Date: 2007-06-29 05:17 pm (UTC)
From: [identity profile] canray.livejournal.com
*Sniffs* YECH!!!

Date: 2007-06-29 05:09 pm (UTC)
From: [identity profile] vortex.livejournal.com
Hooray fo Sarbanes Oxley! <---Sarcasm

I'm sure Sarbanes Oxley has a large part in your Fortune 50 Beurocracy...

Date: 2007-06-29 05:24 pm (UTC)
From: [identity profile] berkeleyfarm.livejournal.com
When I worked for IBM Global Services, we had a daily change control teleconference, so our turnaround for routine changes (with ez backout) was very good.

But this was before SOX. (before y'all ask, I was in the public sector when it happened)

10-20 days for a port activation is seriously fscked up.

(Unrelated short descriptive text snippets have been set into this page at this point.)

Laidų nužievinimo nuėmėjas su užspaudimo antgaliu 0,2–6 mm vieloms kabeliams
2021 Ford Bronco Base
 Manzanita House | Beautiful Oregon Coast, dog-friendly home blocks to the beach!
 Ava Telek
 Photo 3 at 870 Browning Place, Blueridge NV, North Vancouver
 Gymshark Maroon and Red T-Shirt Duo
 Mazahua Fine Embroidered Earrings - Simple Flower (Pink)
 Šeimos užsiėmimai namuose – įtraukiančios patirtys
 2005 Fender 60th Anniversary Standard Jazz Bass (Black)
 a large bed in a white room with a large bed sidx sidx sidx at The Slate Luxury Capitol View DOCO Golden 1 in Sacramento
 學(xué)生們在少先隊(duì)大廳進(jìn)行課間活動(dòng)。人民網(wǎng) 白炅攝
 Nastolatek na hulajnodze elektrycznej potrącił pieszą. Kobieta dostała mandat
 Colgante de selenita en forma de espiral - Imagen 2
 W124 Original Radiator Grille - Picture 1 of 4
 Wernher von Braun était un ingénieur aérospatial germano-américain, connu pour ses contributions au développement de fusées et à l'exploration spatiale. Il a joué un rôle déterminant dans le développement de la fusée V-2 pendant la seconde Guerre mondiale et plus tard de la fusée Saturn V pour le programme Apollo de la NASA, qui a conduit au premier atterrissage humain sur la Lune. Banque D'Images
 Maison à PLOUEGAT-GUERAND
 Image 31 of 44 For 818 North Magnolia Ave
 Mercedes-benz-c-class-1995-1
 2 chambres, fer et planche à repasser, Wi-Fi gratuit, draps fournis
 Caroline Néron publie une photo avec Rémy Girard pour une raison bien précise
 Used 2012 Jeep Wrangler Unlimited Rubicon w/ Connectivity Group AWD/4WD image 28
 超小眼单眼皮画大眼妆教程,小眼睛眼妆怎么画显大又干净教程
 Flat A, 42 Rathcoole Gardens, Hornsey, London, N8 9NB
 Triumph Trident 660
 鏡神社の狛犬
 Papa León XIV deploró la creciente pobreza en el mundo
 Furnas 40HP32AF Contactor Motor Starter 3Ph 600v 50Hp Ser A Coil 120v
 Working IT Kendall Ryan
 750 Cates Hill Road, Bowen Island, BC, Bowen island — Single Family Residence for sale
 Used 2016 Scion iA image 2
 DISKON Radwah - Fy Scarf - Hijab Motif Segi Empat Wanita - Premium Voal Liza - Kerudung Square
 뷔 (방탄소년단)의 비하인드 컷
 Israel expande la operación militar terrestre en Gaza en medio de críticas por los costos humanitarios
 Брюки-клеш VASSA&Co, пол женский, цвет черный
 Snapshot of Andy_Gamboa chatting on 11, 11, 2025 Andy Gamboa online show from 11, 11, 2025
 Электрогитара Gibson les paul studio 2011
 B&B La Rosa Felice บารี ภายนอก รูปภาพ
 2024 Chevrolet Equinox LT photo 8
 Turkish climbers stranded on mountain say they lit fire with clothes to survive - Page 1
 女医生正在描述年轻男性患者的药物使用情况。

Date: 2007-06-29 05:28 pm (UTC)
From: [identity profile] vortex.livejournal.com
I agree!

I worked for http://www.iss.net (note: recently purchased by IBM). Before I got fired for something I had no control over or access to, we completed Sarbanes Oxley...what a nightmare. I was glad to leave the company after that mess...

Date: 2007-06-29 05:54 pm (UTC)
From: [identity profile] snyperwolf.livejournal.com
That sounds a lot like SBC ...

To buy a laptop for a workaround for a problem that they invented (I worked for a different company), they had to go get VP approval. It took like a month for them to go purchase a $400 dell laptop that they would probably never use, but we still had to configure. We only got it after swearing that we would never try to put it on the network.

Date: 2007-06-30 01:36 am (UTC)
From: [identity profile] asbrand.livejournal.com
Sounds like my last job at HellSouth.

Only...they're even worse. ;-)



-Az

Date: 2007-07-01 06:15 am (UTC)
From: [identity profile] whitewolf3399.livejournal.com
And it hasn't gotten any better...

Date: 2007-07-02 12:02 am (UTC)
From: [identity profile] japester.livejournal.com
I work at a nation wide ISP, and we go through the same procedure. Admittedly, with a few less people in the 'tick this box' category.
It's just me, my manager and the NOC manager.

As [livejournal.com profile] manuka said, if you fuck up on the wrong switch/router, the interweb goes away for some 10000+ people. That is wholy unacceptable, so you make sure that the customers never know what we're doing. That means you plan your work. You prepare. You make sure it happens the right way, every time. Sure it's a bitch when you're only enabling one switch port, possibly for a server that's not yet in production. I am waiting for one myself at the moment. It's part of the cost of doing business, and if your SLAs do not allow you the time to plan and accomodate the red tape, maybe they need to change.

Date: 2007-07-02 11:27 pm (UTC)
jjjiii: It's pug! (Default)
From: [personal profile] jjjiii
Gee whiz. I sure hope you get paid by the hour!